L'effondrement de la monnaie fiduciaire 
  
          « Ce serait une erreur de croire que l'organisation moderne de l'échange peut continuer ainsi. Elle porte en elle le germe de sa propre destruction; le développement de la monnaie fiduciaire doit nécessairement mener à son effondrement. » (The Theory of Money and Credit, p. 409, traduction libre) Mises écrivait ces mots en 1912. Je crains qu'ils ne se concrétisent dans un avenir rapproché. L'Argentine, le pays le plus riche d'Amérique du Sud il y a 50 ans, en est aujourd'hui au troc. Si le château de carte construit par la Fed s'effondre et entraîne d'autres monnaies importantes dans sa chute, c'est une réduction draconienne de la division du travail à l'échelle mondiale qui risque de s'ensuivre.  
  
          En attendant un système bancaire entièrement libre de toute intervention gouvernementale Mises faisait les recommandations suivantes: cesser de créer de la monnaie, et donc abolir la banque centrale et laisser les banques ayant octroyé trop de crédit faire faillite. Ce qui implique, d'une part, l'abolition de l'assurance dépôt, qui ne fait qu'inciter les banques à prêter plus d'argent qu'elles n'en possèdent en réalité et, d'autre part, permettre aux gens de retirer leur argent des banques en tout temps, c'est-à-dire de respecter leur propriété.
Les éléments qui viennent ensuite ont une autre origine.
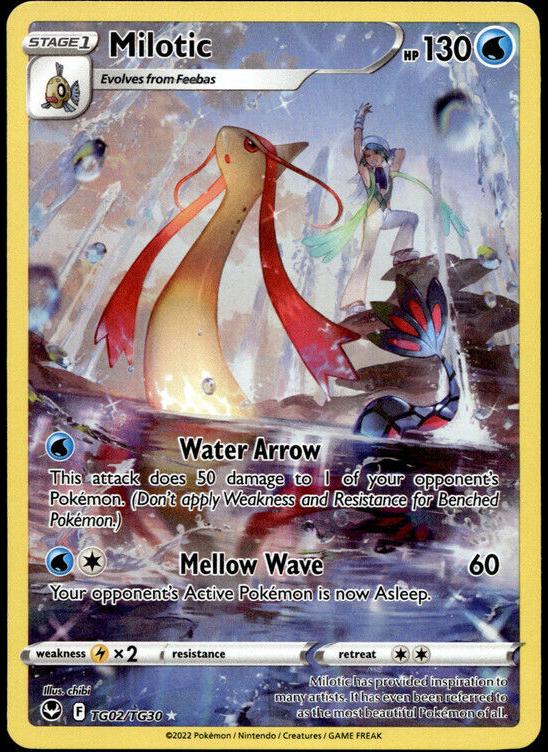 Milotic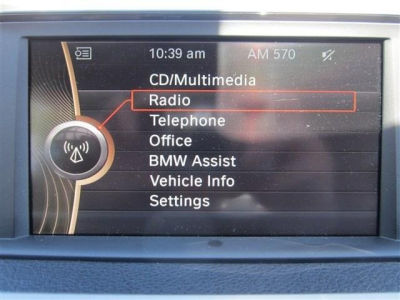 2012 BMW 328  i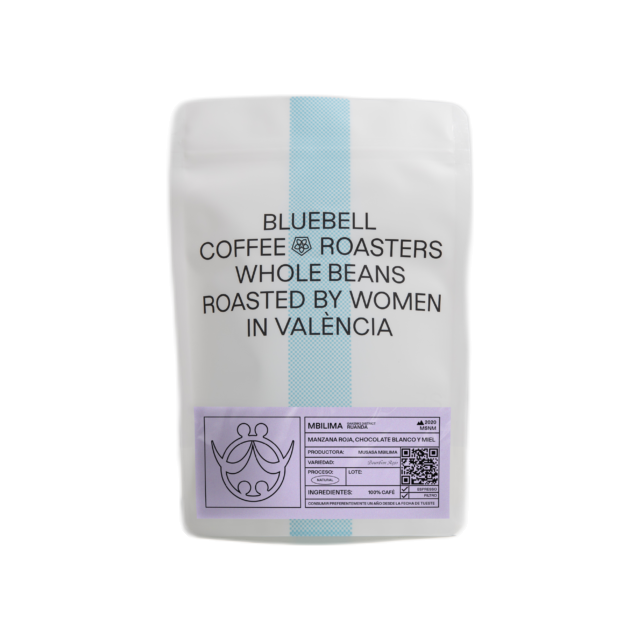 MBilima, product image from the roaster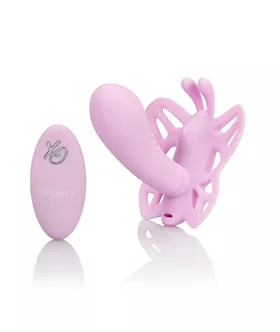 Venus Butterfly Silicone Remote Venus G Spot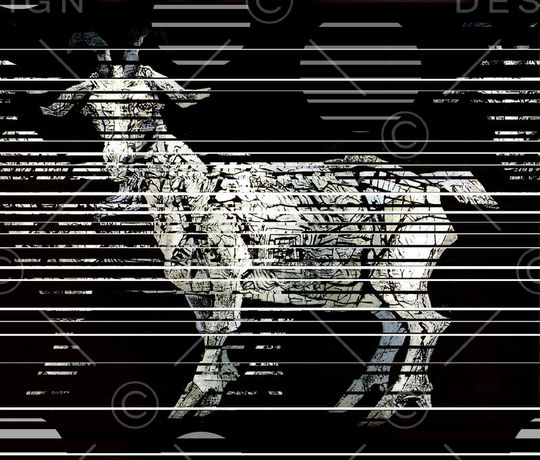 潮流印花华亿平台图片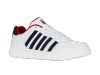 Męskie sneakersy K-Swiss COURT PALISADES PEACOAT/WHITE/WHITE-M (06931-411-M)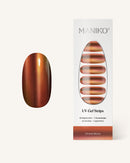 Chrome Mocha UV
Ensuite ou en parallèle on devrait retourner à l'étalon-or, du moins à une monnaie métallique, sans que le gouvernement se mêle de près ou de loin des questions de monnaie.  
  
          Le système monétaire, à l'instar des autres divisions d'une économie de marché, fait partie d'un système qui s'ajuste et se règle par lui-même. Cela se fait par l'entremise des « sanctions » que sont les profits et pertes. La monnaie a été générée par le marché et elle s'ajuste par lui. La monnaie et le système bancaire ne sont pas indépendants du marché, ils en sont une extension. Le gouvernement doit donc débarrasser le plancher. 
  
  
* Il s'agit d'un résumé personnalisé des 4e, 5e et 6e parties de Mises on Money de Gary North. La citation en épigraphe est une traduction libre de Human Action p. 224.